2005年05月29日 | 政治・経済・社会現象
最近、私の(あまり更新されない)blogにビッグイシューなどの記事にTBをいただいていました。
☆ブログ版☆ 「東京ホームレス」 村上知奈美
というサイトからTBいただいていたのですが、きっと僕のblogを読んでくれる人なら、このサイトも好きになるのじゃないかと思います。よければ、この先を読む前に読んでみてください
(サイトの管理人さんは僕と年齢も近い上に、美人です < たぶん)

僕の場合は新宿都庁の前で売っている方から、ビジネススクールへ行く途中に購入するのですが、
授業前に買っていったりすると、「へぇビッグイシュー買っている人始めてみた」
と言われたりします。結構、みなさん、知ってはいるみたいですね。
(みんな買ってみてくださいね)

ただ、最近はあまり売っている時間に会えなかったので(今日もいなかった)先日は最近変えていなかった近刊3号分まとめて三冊買ってきました。
狭い我が家で一週間ぐらい放置プレイを受けたビッグイシューたちは、「家に置いておいても読む暇無いし、職場においておこう」という猫の試みにより、職場に運ばれていきました。(猫の小屋は狭いので、最近はやりの王子様のようなプレイをするほど広くないのこれぐらいが限界です。

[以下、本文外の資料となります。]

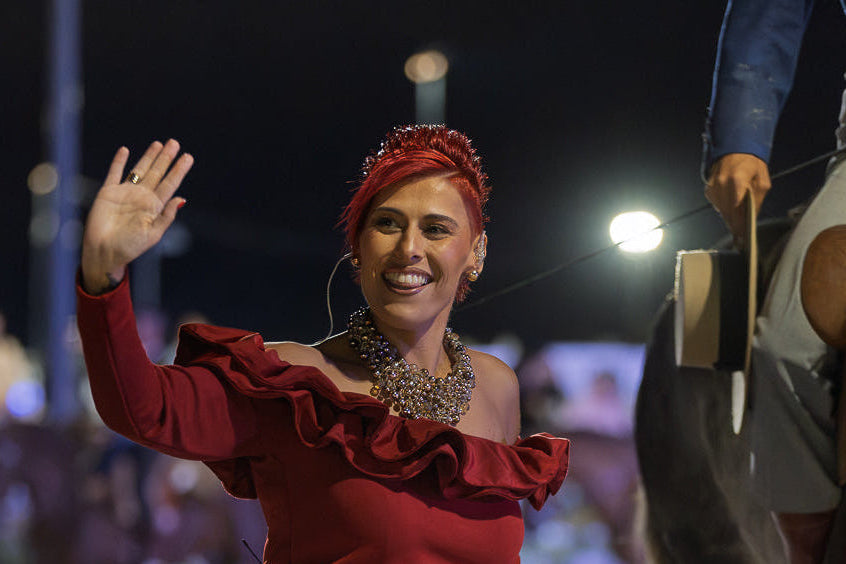 A woman in a red ruffled top and black skirt waves to a crowd at night while standing next to a horse, with stadium lights blurred in the background.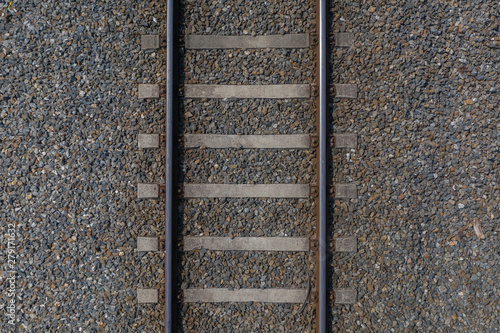 railway rails with sleepers on gravel close-up top view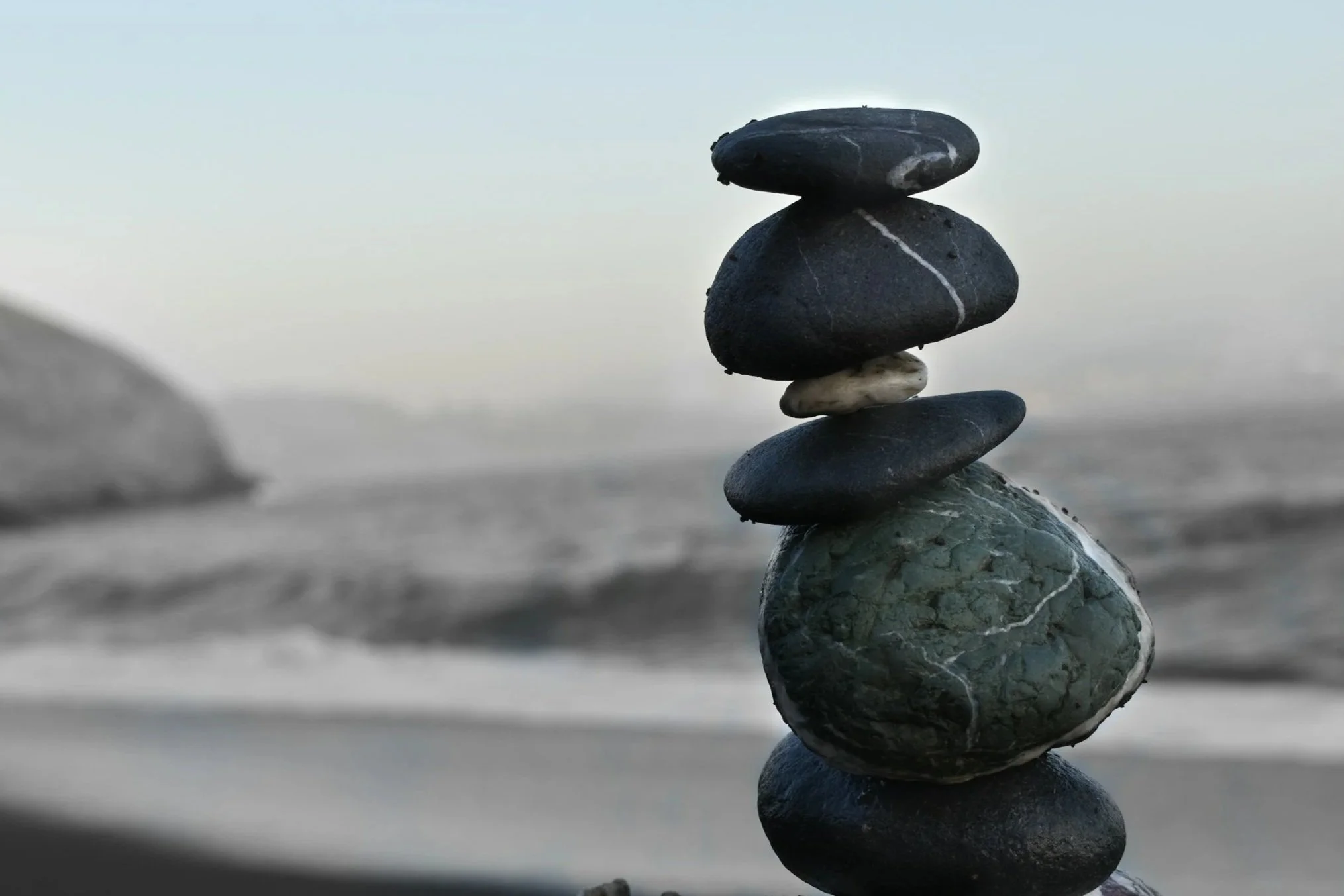 Pyramid of smooth black, gray, and white stones stacked on a beach with ocean and sky in the background.
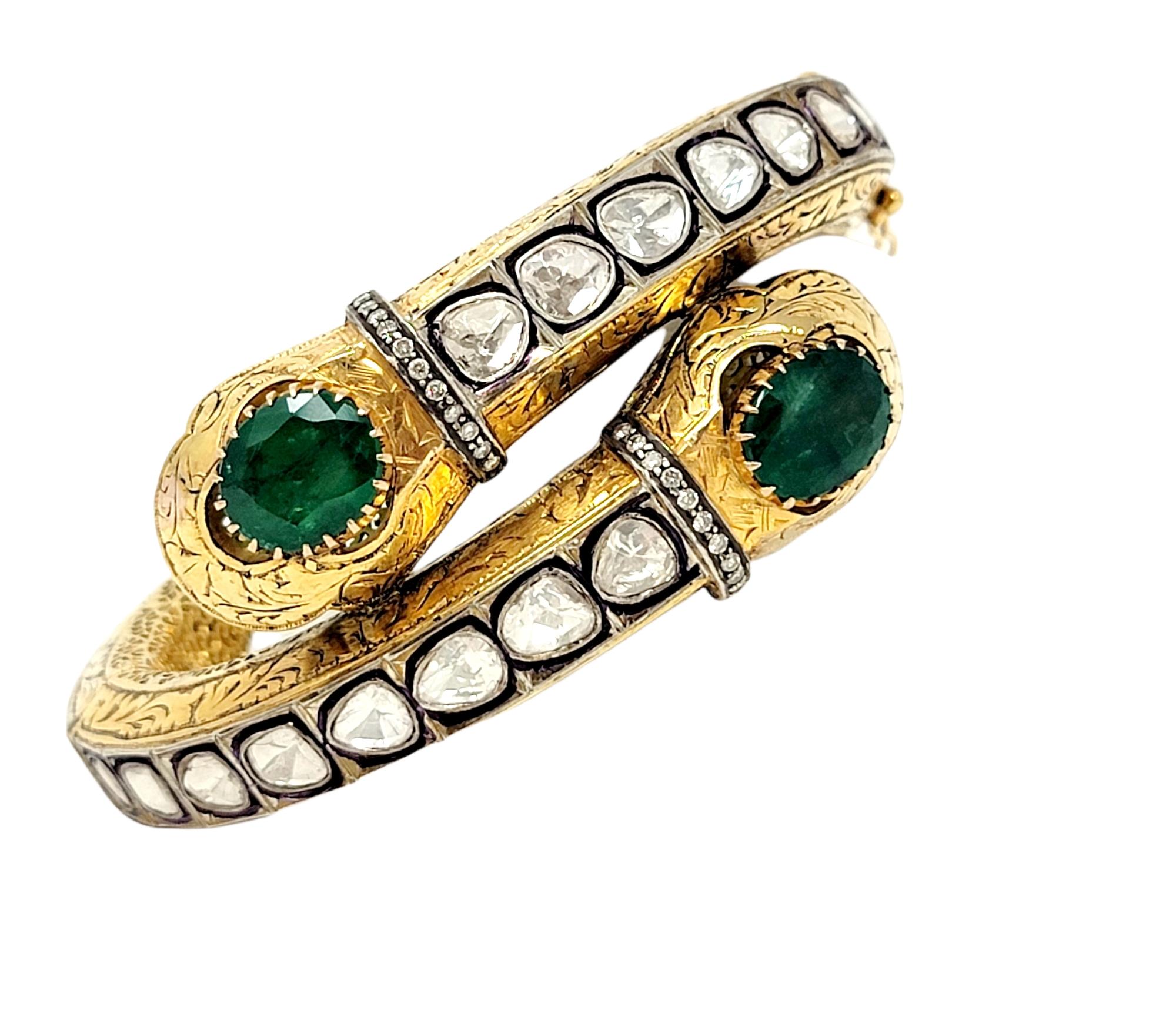 Incredible vintage Polki emerald and diamond bypass bracelet is an absolute work of art for your wrist! This stunning bangle features a 14 karat yellow gold and sterling bodice embellished with rounded rough cut diamonds and large green emeralds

以前は、職場で「ビッグイシューと陽気なホームレスの復活戦を貸し出していたこともあるのですが、今回は雑誌を共用机の上においておきました。

反応は上々のようです。


とここまでは、標準的なビッグイシューネタのblogだと思うのですが、では僕がビッグイシューやホームレスにすごく理解を示しているかというと実はそうでもないのです。ビッグイシューについて聞かれると少々居心地の悪さも感じるのもまた事実です。

フリーペーパーのR25とかと比べれば確かに中身もしっかりしているし、販売員の人たちのインタビューだけでも私は払う価値を見出しています。
でも、読者の声欄にあるような、幼稚なリベラルの匂いが、あちらこちらに漂ってくるこの雑誌はどうも苦手なのです。

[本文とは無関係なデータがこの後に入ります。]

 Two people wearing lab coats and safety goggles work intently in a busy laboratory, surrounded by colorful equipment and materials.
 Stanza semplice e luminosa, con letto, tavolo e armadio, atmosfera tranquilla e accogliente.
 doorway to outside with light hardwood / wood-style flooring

僕がビッグイシューを高く評価しているのは、書評で以前blogに書いたように

私は誰でもホームレスのような不幸と困難を背負う可能性はあると思っています。
私は左翼的な人が言う奇麗事としてではなくて、本当に肌の感覚として、人の人生は一寸先は闇だと思っています。
自分が大学生時代に倒れた経験から強く感じられるのですが、一見順風に来ていても、ふとしたところで、道に穴が開いていたりするものです。
自分はきれいに生きているつもりでも、愛する人の死を防ぐことはできませんし、自分に起こる不幸も防ぎようはありません。

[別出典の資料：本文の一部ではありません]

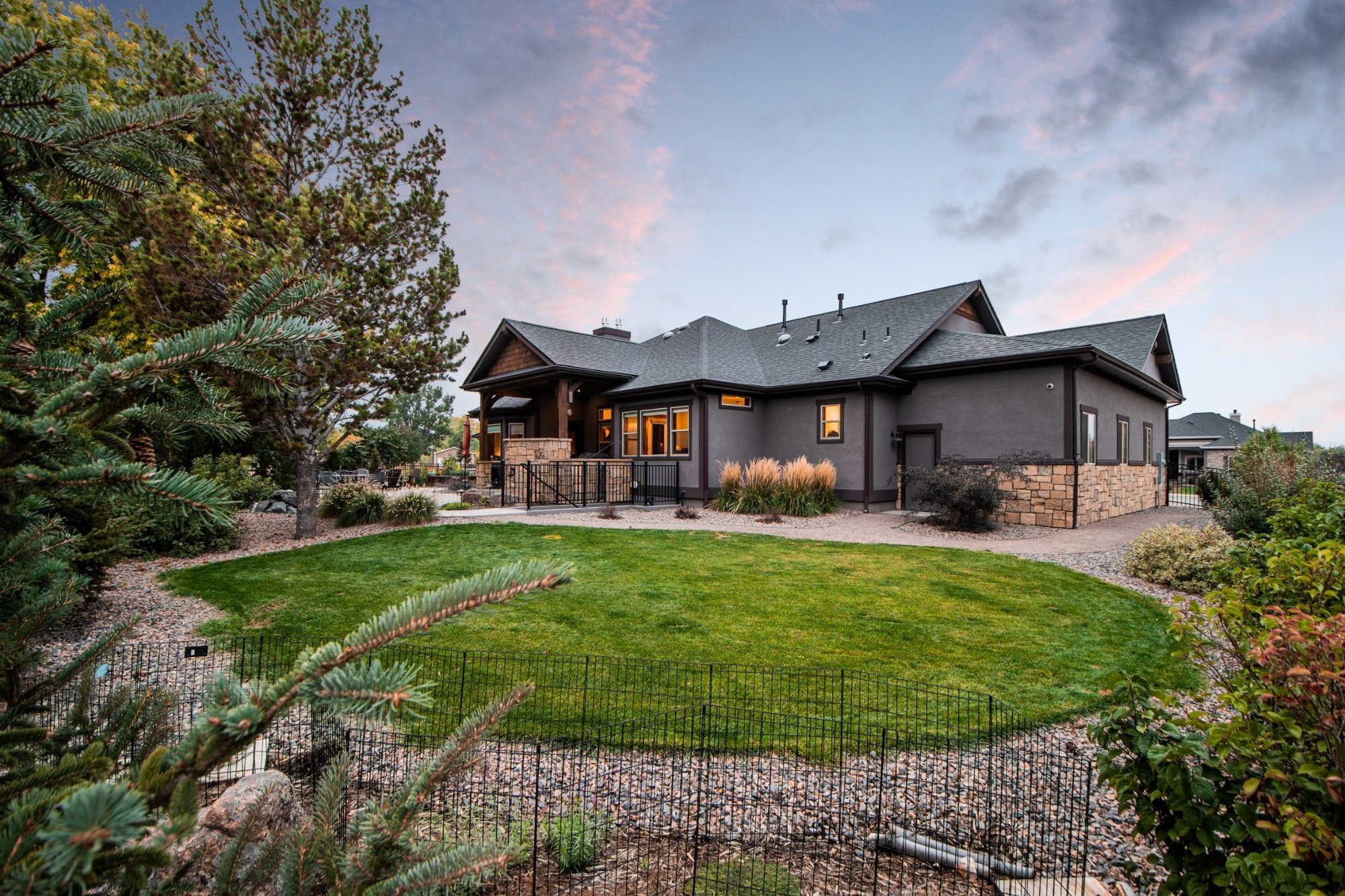 covered backyard patio with seating and outdoor living design in denver colorado exterior renovation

一見きれいに見える道を歩んでいたら、足元に大きな穴が口をあけて待っていて、落ちてしまうこともあるように思います。
ある種の福祉というのは、その穴に落ちた人に、上からご飯を投げ与えるようなものだと思います。
しかし、手に血をにじましても、その穴から抜け出したいと思う人たちに、ロープを垂らすような試みが、ビッグイシューだと思います。
上りきるのは大変だけど、今、この瞬間にも頑張って上っている人がいて、その人たちが躍動感ある文章で描かれています。
ビッグイシューを支える人、立ち直ろうと頑張る人、新しい仲間を支えるホームレスの販売員たちの等身大の姿が描かれています


という思いです。

心の弱いリベラリストはこういう問題を語るときに二言目には「日本という国は冷たい」と口にしますが、ホームレスの問題は、先進国、途上国を問わずに普遍的に存在しますし、日本も過去よりそういう事例は多々ありました。(乞食といういまは差別用語として、出版物に使えなくなった言葉の存在が示しているように、古くからある問題です。)
なのに、行政や政府、社会を批判して、自分を良き側に形式的においただけで、問題の思考を閉じてしまう人々。
たとえば、リベラリストたちが行政が悪いというなら、彼らにはホームレス全員に生活補助をするという公約を掲げた政治家を当選させて、法案を成立させその分を増税でまかなう覚悟があるのか?
そうした高福祉政策が、ホームレス化や無職化を仮に増加させてしまっても、必要なコストは労働者からの増税を繰り返す覚悟があるのか?
ないなら、いつ、どのタイミングで打ち切るべきかの議論をする用意はあるのか?
朝日新聞などを読みすぎるとこういうときには
「防衛費やイラクへの拠出をなくせば良い ← 決して中国へのODA削除とは言わない(笑)」
などというが、こうした拠出のうちいくらかは、確実に、日本が国際社会で生きていくために必要な経費です。

知性ある良識派を自負する我々は
問題があるとしてそれを解決するとすれば、誰がどのような責任と権限をもって、どういうコスト構造でそれを遂行するのか?
ということに大して、真摯に問うことが必要です。 
しかし、ボランティアなどをすることもなく単に行政を批判する連中にそんなものがあるとは思えない。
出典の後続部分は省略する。